**Assignment:** Write out, with no changes, every line starting at the one that contains "In this video" and ending at the last line of the data below. Leave pictures out.

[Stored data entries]
****

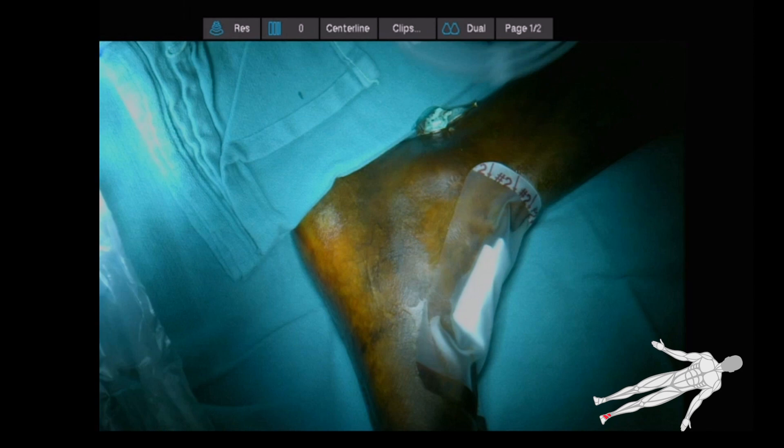However, the patient was evaluated by cardiology and was deemed to be too high risk for general anesthesia because of his cardiac history. He was instead taken to the operating room for an endovascular retrograde approach to the posterior tibial artery.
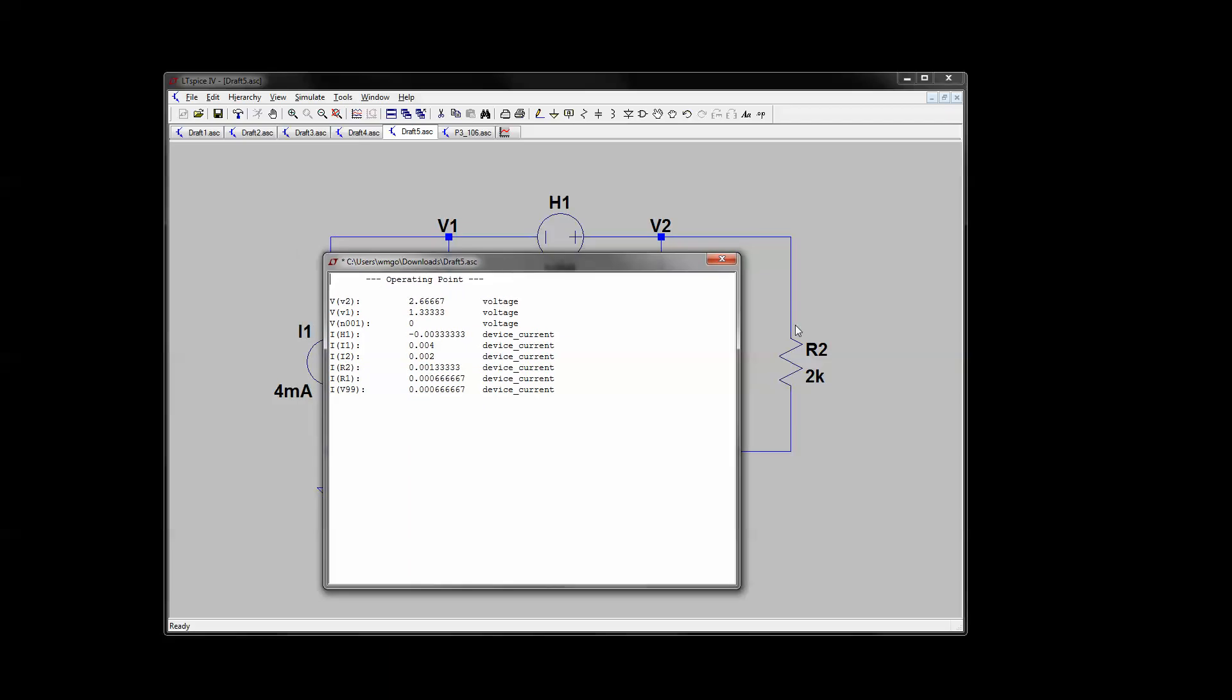So the book was asking you to find the current through R2. The current through R2 is one and a third milliamp. So you look in the book. It says I naught equals four thirds milliamp. Got it right. Hope this helps.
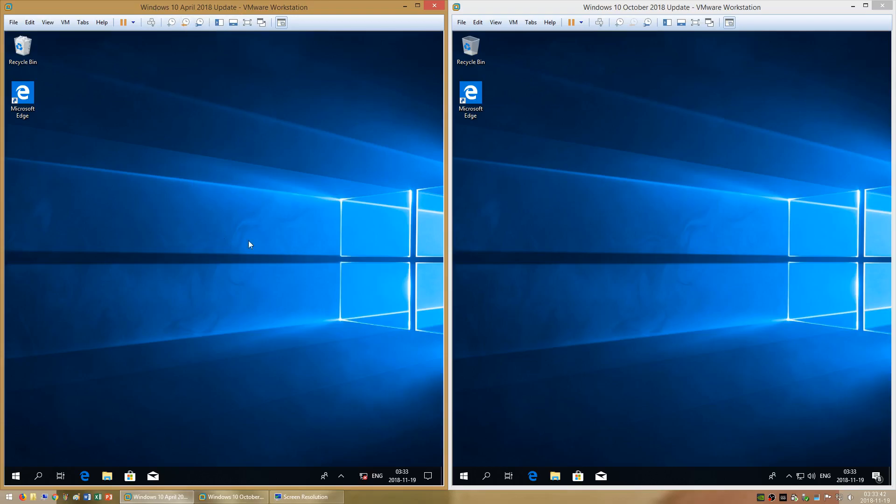Let's compare Windows 10 April 2018 Update to Windows 10 October 2018 Update. On the left we have Windows 10 April 2018 Update and on the right we have Windows 10 October 2018 Update.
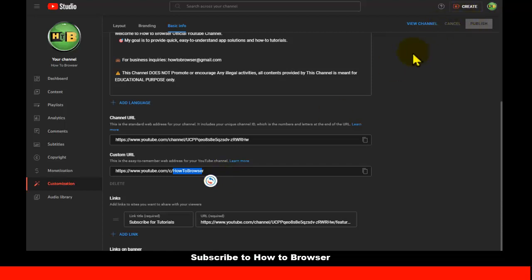I hope this helps. Let me know which method worked for you in the comments, and I'll see which ones work and which ones don't. Let me know in the comment section which method worked for you.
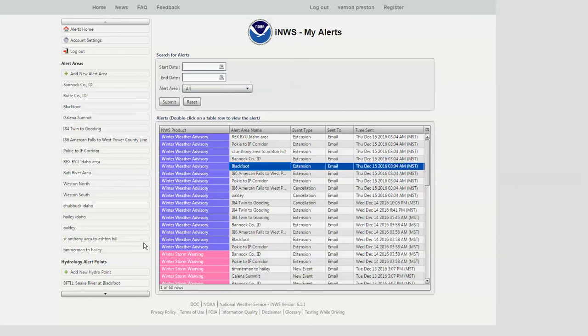The National Weather Service is here to provide service to you. If you ever have questions or concerns, you can call us 24 hours a day at 208-233-0834. You can also send information directly to our forecast staff at pocatello.weather@noaa.gov. If you have any questions you can call our office and ask for Vernon Preston; general office hours are 8 a.m. to 5 p.m. at 208-232-9306. Thank you for watching, and we hope this assists you in your operations.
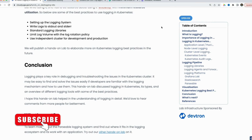So with this video, I believe you would have got an idea of what different kinds of logs we can collect from a Kubernetes cluster and how we can set up our logging pipeline to collect, store, and process them. We will be doing further hands-on labs and videos to cover different solutions. So stay tuned and happy learning.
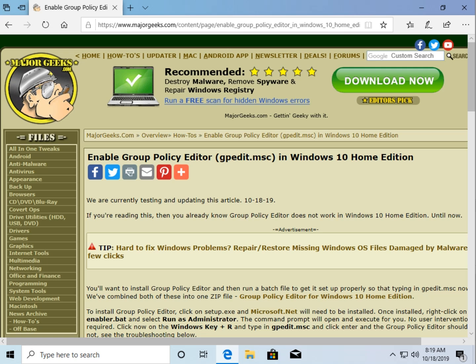Hey Geeks, Tim with MajorGeeks.com. Today we're going to show you how to enable Group Policy Editor in Windows 10 Home Edition because it's not included. Let's take a look.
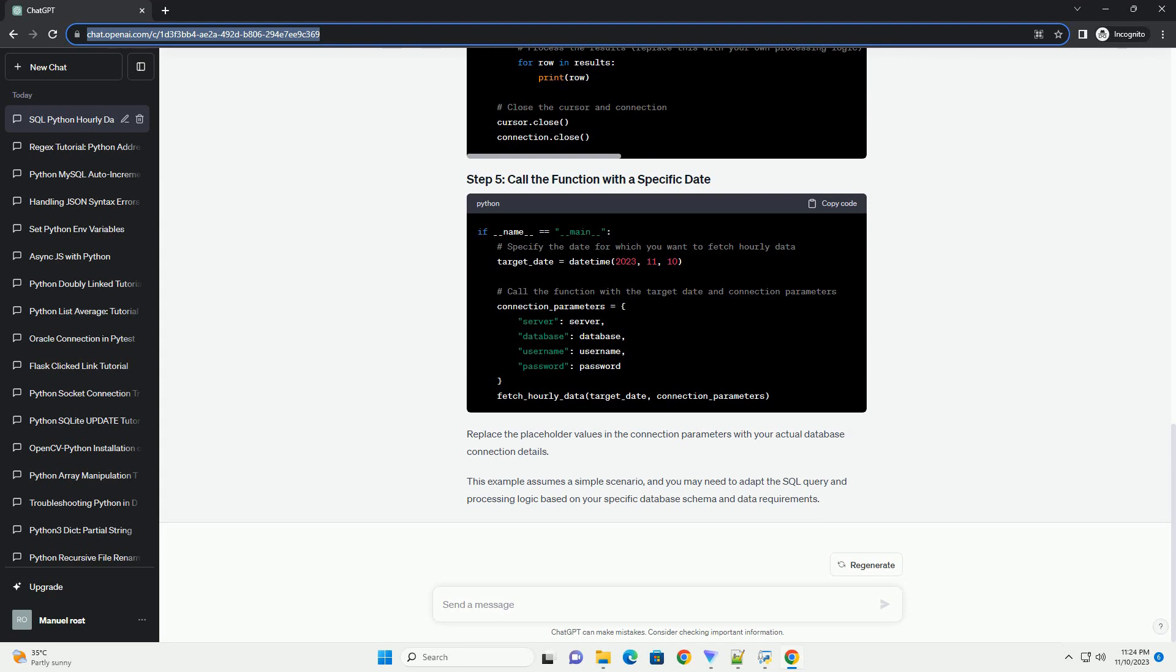ChatGPT: Certainly! To fetch hourly data for a particular date using a SQL query with a for loop in Python, you can use the pyodbc library to connect to your database and execute the queries. In this example, I'll assume you are using SQL Server as the database and will use the pyodbc library for the database connection.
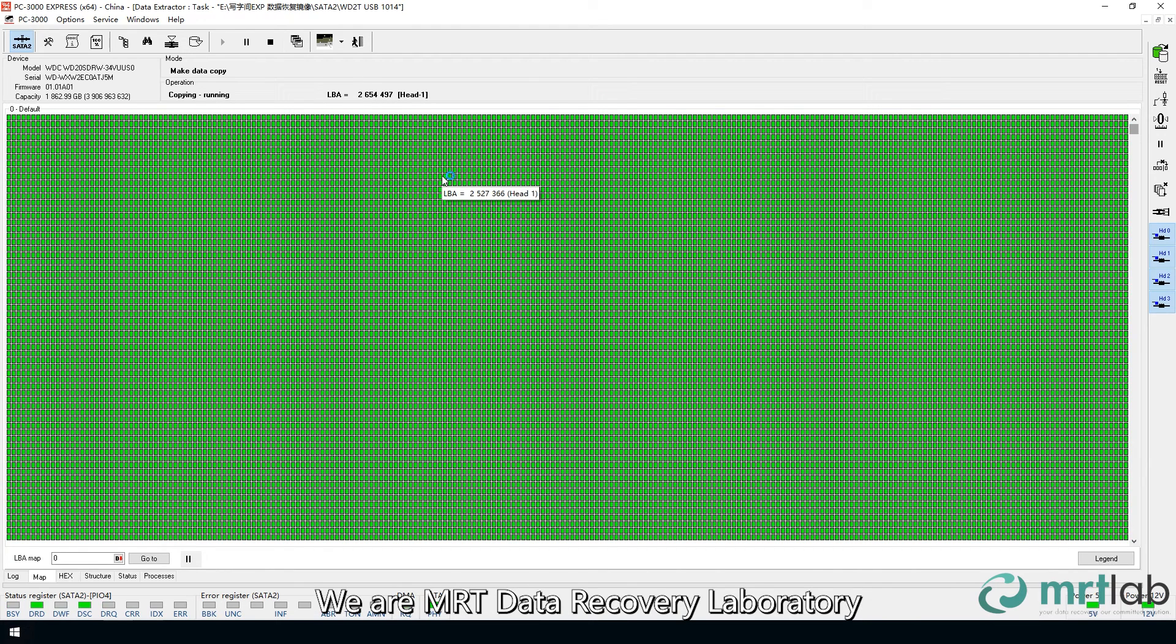We are MRT Data Recovery Laboratory. Thank you for watching, and see you in the next episode.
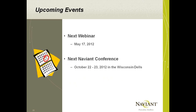The next webinar is scheduled for May 17th, which is a Thursday. The next conference will be October 22nd and 23rd, again in Wisconsin-Dallas. For those who didn't attend last time, it was a great time with very useful sessions, training, and great breakout sessions. I highly recommend and encourage anyone to attend.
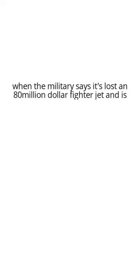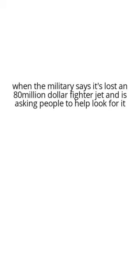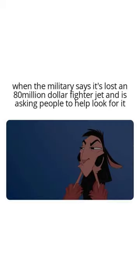When the military says it's lost an 80 million dollar fighter jet and is asking people to help look for it.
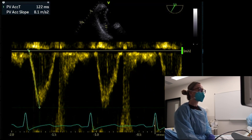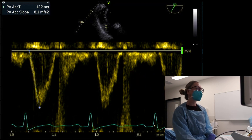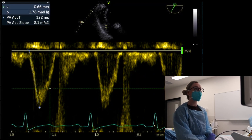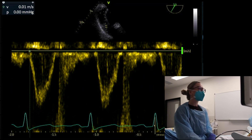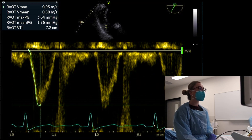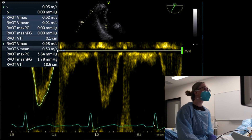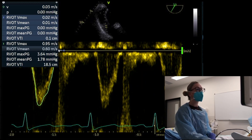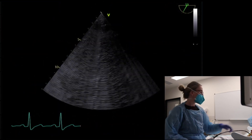Acceleration time less than 105 milliseconds is indicative of raised pulmonary vascular resistance and raised pulmonary pressures. Less than 90 milliseconds has reasonable performance in detecting significantly high pulmonary vascular resistance of more than 3 Wood units. We can also trace the RVOT to calculate RVOT VTI — useful when we can't get a good LVOT trace — and combine it with the RVOT diameter to get stroke volume and cardiac output. Here we get 18.5 centimeters. We should also look for notching in the waveform shape, putting it all together with the whole clinical picture.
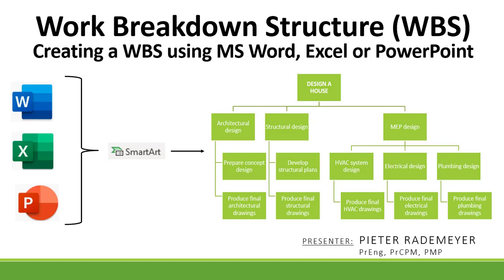In this video I'm going to show you how to create a Work Breakdown Structure Organogram using Microsoft Word, Excel or PowerPoint.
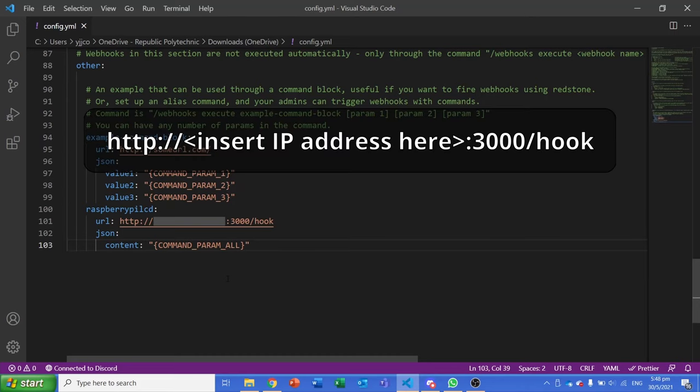So type in HTTP, then paste in your IP address, type in the port number which you set, and type in the path which we set inside the javascript file just now.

****

**Task output:**
In this video I'm going to show you how to create a Work Breakdown Structure Organogram using Microsoft Word, Excel or PowerPoint.
So type in HTTP, then paste in your IP address, type in the port number which you set, and type in the path which we set inside the javascript file just now.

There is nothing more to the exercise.